*DATA FOR THIS TASK*
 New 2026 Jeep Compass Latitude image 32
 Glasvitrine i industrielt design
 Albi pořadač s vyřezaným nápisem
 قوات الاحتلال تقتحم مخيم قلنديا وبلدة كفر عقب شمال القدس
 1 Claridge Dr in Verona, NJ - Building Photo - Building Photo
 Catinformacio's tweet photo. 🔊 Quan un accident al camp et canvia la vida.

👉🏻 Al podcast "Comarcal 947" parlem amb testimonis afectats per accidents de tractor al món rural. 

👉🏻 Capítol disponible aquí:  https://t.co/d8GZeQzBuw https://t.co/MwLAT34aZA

* * *

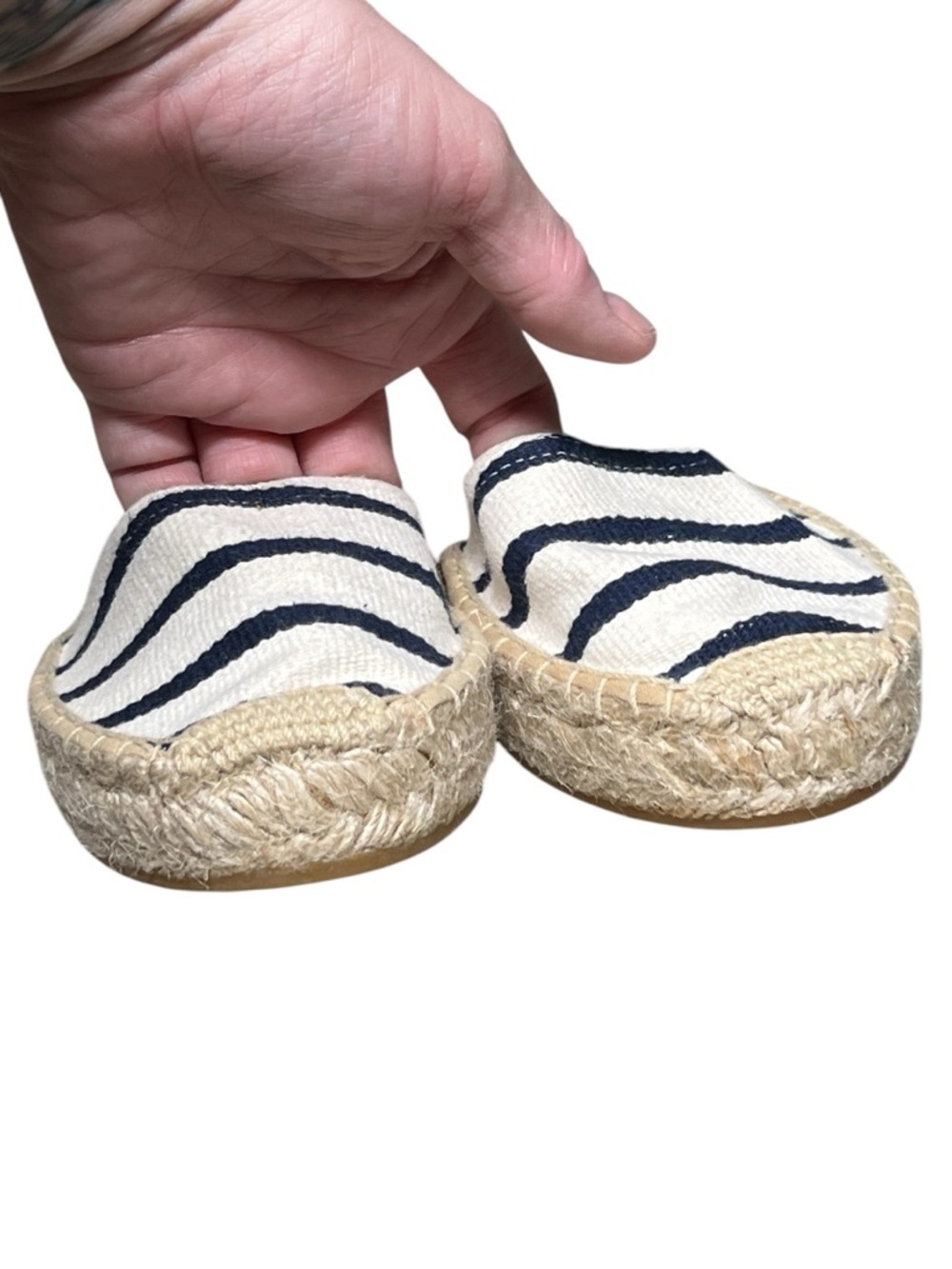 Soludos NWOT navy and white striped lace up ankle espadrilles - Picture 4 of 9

*WHAT YOU SHOULD DO*
From the listing above, the lines starting with the one that has "Albi pořadač s vyřezaným nápisem" and running through the one that has "al món rural." should be copied exactly, ends included.

*EXERCISE RESPONSE*
 Albi pořadač s vyřezaným nápisem
 قوات الاحتلال تقتحم مخيم قلنديا وبلدة كفر عقب شمال القدس
 1 Claridge Dr in Verona, NJ - Building Photo - Building Photo
 Catinformacio's tweet photo. 🔊 Quan un accident al camp et canvia la vida.

👉🏻 Al podcast "Comarcal 947" parlem amb testimonis afectats per accidents de tractor al món rural. 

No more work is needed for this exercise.